Harper Prism, 1998, 534 pages, C$20.95 hc, ISBN 0-06-105044-X
Sometime, I wonder how Hollywood producers deal with it.
No, I’m not talking about the sleeping-with-supermodels-and-rolling-in-cash part. That I can reasonably understand. But I really wonder how they have to deal with the trade-offs between story and budget. Consider disaster movie, which are all about showing expensive catastrophes on screen. If you’re on a limited budget (and even $150M is a limited budget), how can you deliver a really good disaster film when it’s literally too expensive to put it all on screen?
This isn’t a problem in novels, because when you get down to it, prose writers have essentially an unlimited budget for visual effects. They can blow up the earth for exactly the same amount of money that have two minor character talk to each other. No publishing house is ever going to bankrupt themselves by investing in a spectacular historical war novel over a simple romantic comedy. Movie studios, on the other hand, pretty much tattooed HEAVEN’S GATE in the forehead of every script acquisition manager…
Stephen Baxter’s Moonseed proves how much more satisfying a disaster story can be in written format. Not only is it more spectacular, but it’s also better-constructed and far more clever than its Hollywood counterparts.

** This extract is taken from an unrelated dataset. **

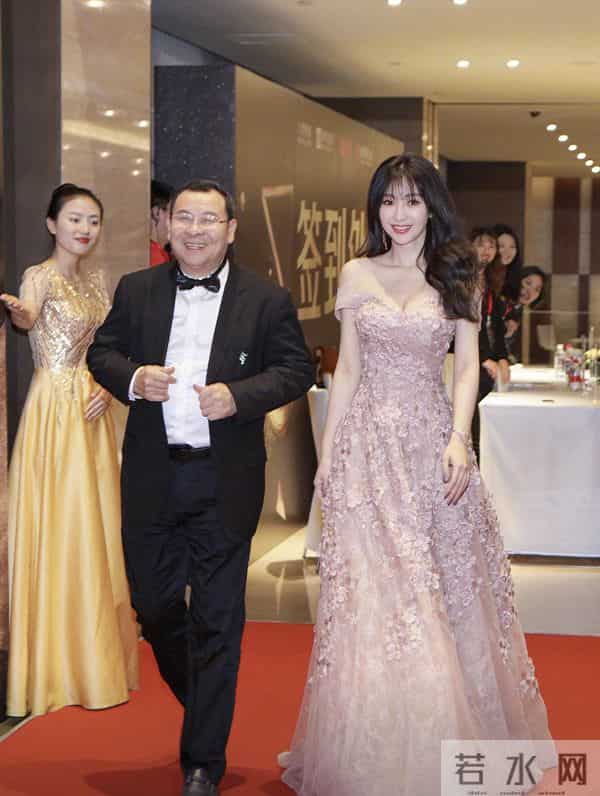 柳岩又“兴风作浪”，穿紧身抹胸鱼尾连衣裙，“尤物身材”太销魂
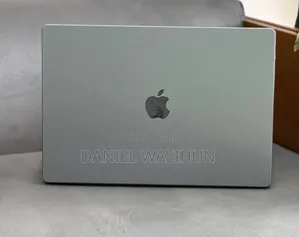 New Laptop Apple MacBook Pro 2021 M1 16GB Apple M1 Pro SSD 512GB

It all begins on the night when astronaut Geena Bourne and geologist Henry Meacher decide to divorce. Venus blows up and Henry is transferred to Edinburgh, where a mysterious silvery dust soon begins ravaging the countryside. Before long, the Edinburgh dust pool is growing at exponential rate, and it becomes clear that they’ve got to stop it. Evidence points at contamination from one of the Moon rocks, so NASA puts together a mission using present-day technology to go back there…
Stephen Baxter is known for being a hard-SF writer, and Moonseed will do nothing to diminish this reputation. He plays the SF game and follows the rules, which does give a delicious particularity to the part where NASA puts together a baling-wire mission to go back to the moon. Otherwise, spectacular scenes abound, whether it’s Edinburgh being consummated by the “Moonseed” or Seattle being erased by a tidal wave. Big bucks special effects, backed by I-guess-accurate physics.
Moonseed is less capable when it comes to human characters. Some are barely introduced and then forever forgotten (Marge Case, Jenny Calder, Cecilia Stanley, etc…), others are superfluous (Blue Ishiguro, Hamish “Bran” McCrae and the remainder of the clichéd cult subplot), while the protagonists are involved in quasi-soap-opera plot complications to keep them together. (No, but seriously, wasn’t it possible to select a worse three-person moon team?)
But it doesn’t really matter, disaster stories and hard-SF novels being what they are. Even the lengths of the novel can be a good thing when they add such richness. Who cares about individual humans when the whole race is at risk? Moonseed is far more original than the usual catastrophe scenarios, ironically by going back to the source disaster story, the classic When Worlds Collide. The ending accelerates the pace of the novel, leading to a wide-open conclusion that truly rewards the reader.
So, next time you’re contemplating paying almost 10$ for a disaster movie, consider Moonseed as an alternative. Easy reading, original threat, imaginative plotting, neat gadgets and cool scenes not constrained by a fixed SFX budget. What more could you ask of an end-of-the-world story?